*** Opening DATA SHOWN ***

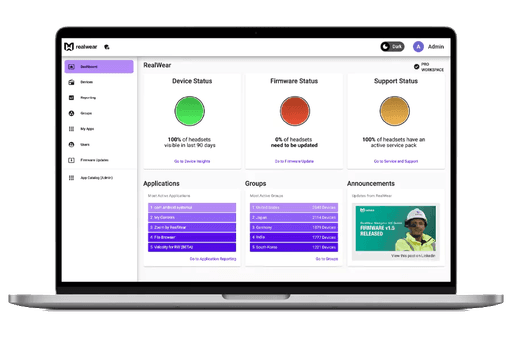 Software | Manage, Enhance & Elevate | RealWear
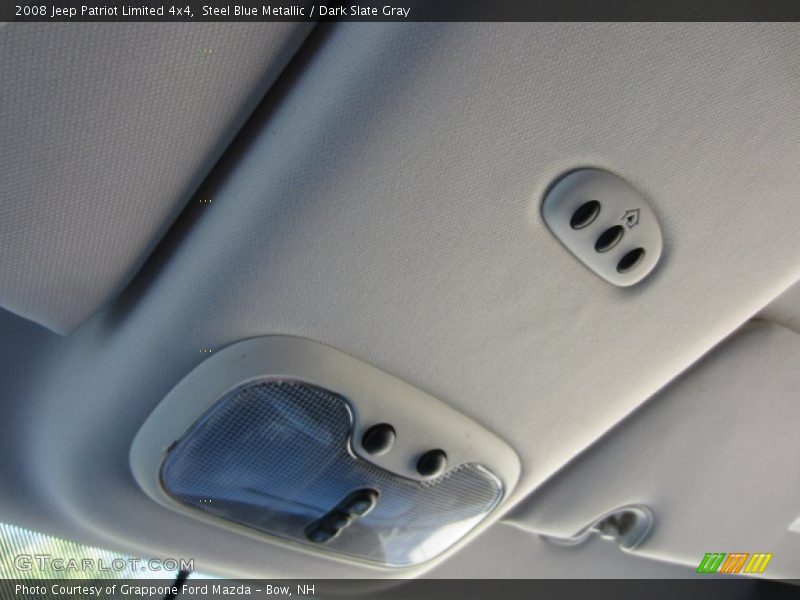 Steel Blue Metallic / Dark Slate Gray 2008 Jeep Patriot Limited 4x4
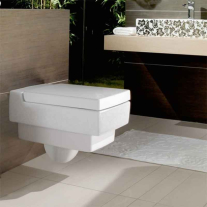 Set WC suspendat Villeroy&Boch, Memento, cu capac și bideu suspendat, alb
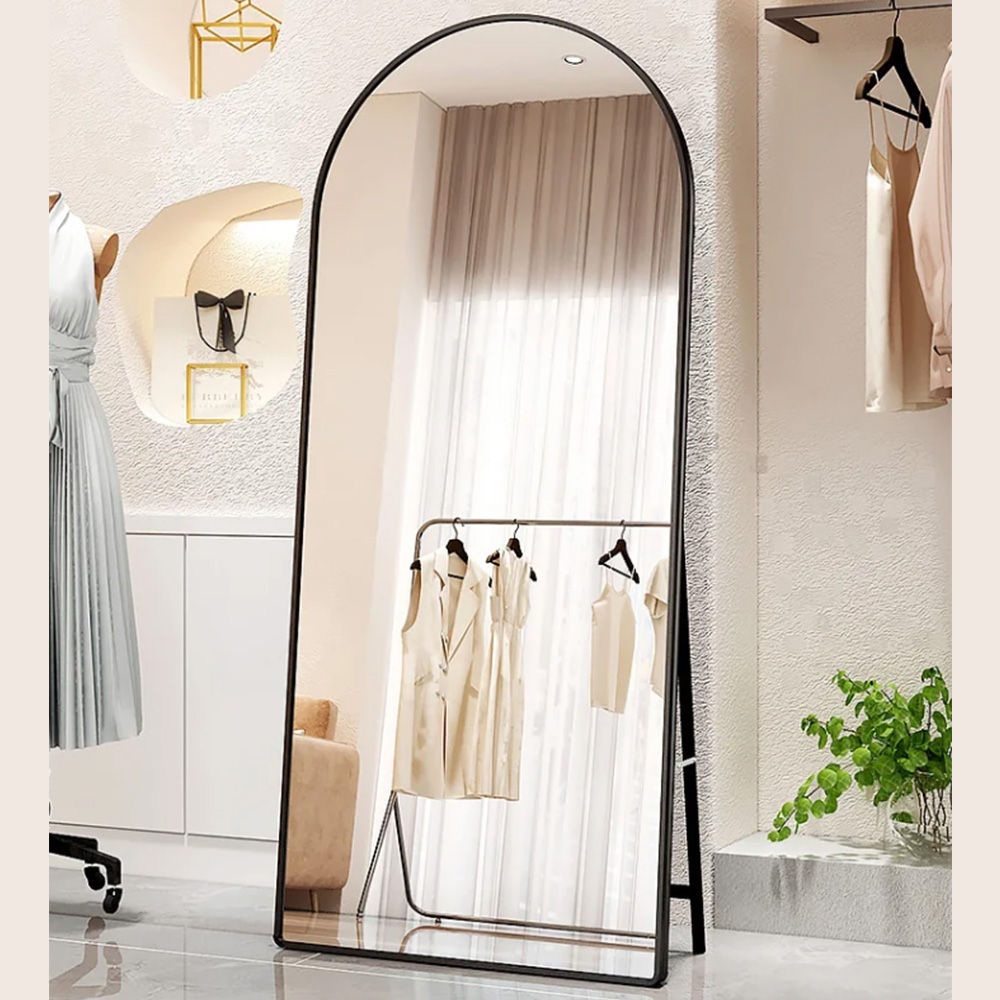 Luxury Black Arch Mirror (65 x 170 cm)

*** Closing DATA SHOWN ***
*** Opening DATA SHOWN ***

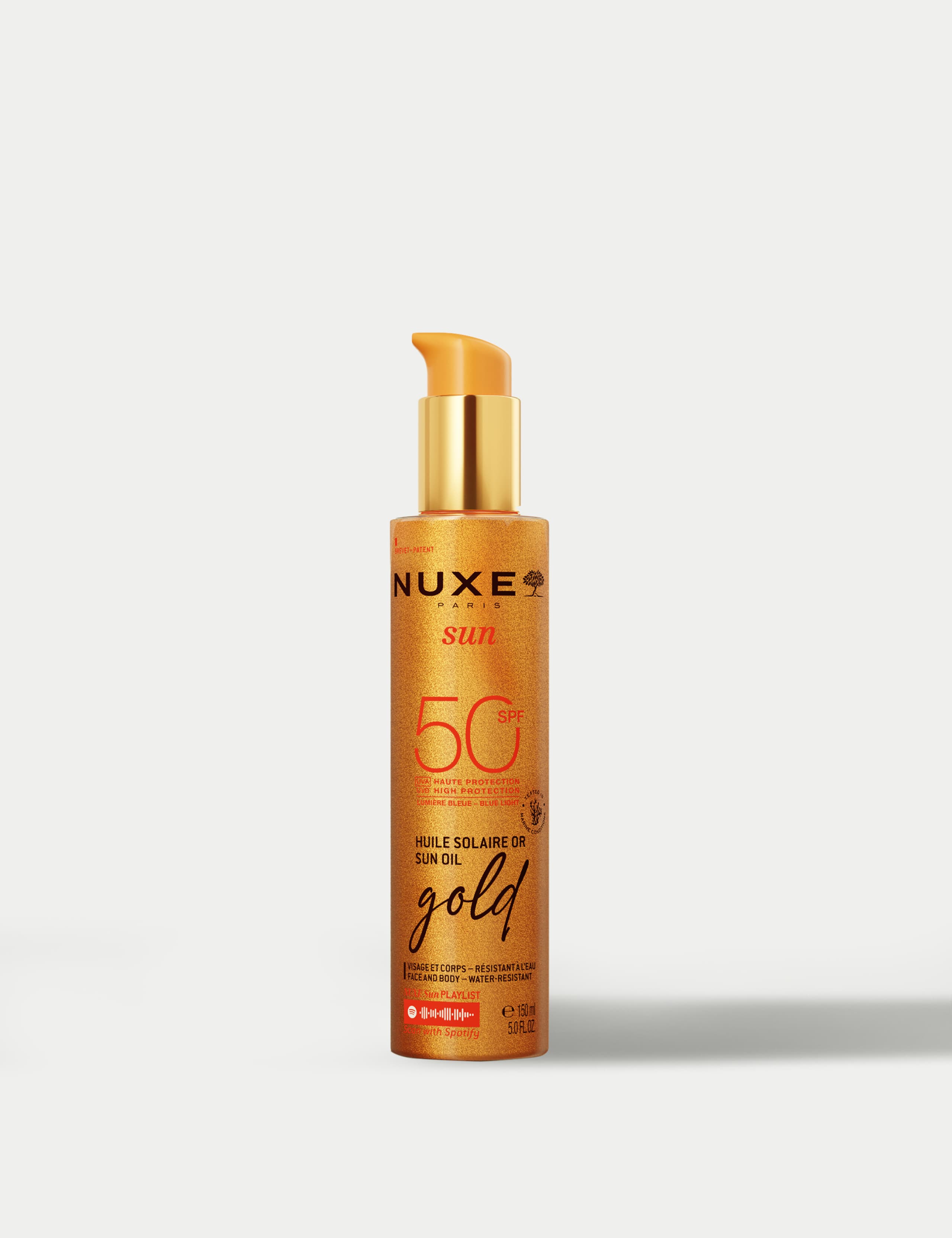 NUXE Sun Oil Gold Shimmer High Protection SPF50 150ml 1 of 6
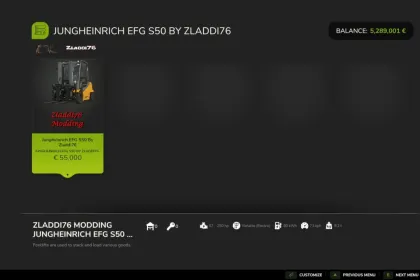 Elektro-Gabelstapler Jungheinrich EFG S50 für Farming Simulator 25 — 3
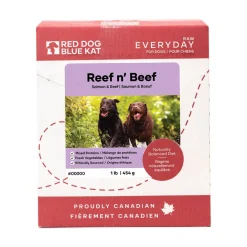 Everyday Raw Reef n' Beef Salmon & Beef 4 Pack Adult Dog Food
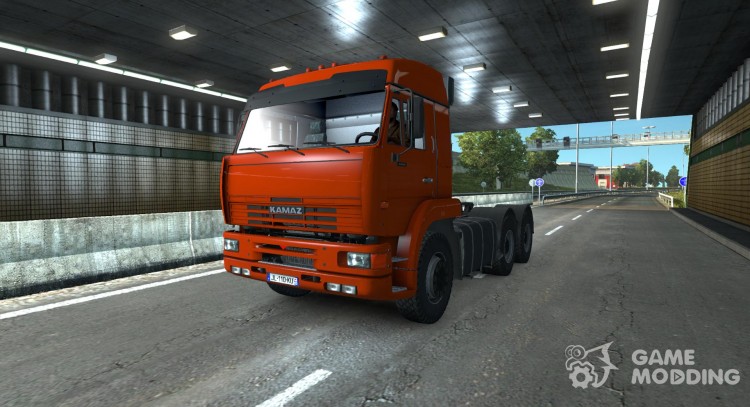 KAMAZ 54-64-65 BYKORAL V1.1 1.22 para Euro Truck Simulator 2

*** Closing DATA SHOWN ***

#### YOUR OBJECTIVE
What is needed is an exact copy of the lines above, from the one holding "Steel Blue Metallic" down to the one holding "Luxury Black Arch Mirror (65 x 170 cm)", with those two included and the pictures left out.

#### TASK ANSWER
 Steel Blue Metallic / Dark Slate Gray 2008 Jeep Patriot Limited 4x4
 Set WC suspendat Villeroy&Boch, Memento, cu capac și bideu suspendat, alb
 Luxury Black Arch Mirror (65 x 170 cm)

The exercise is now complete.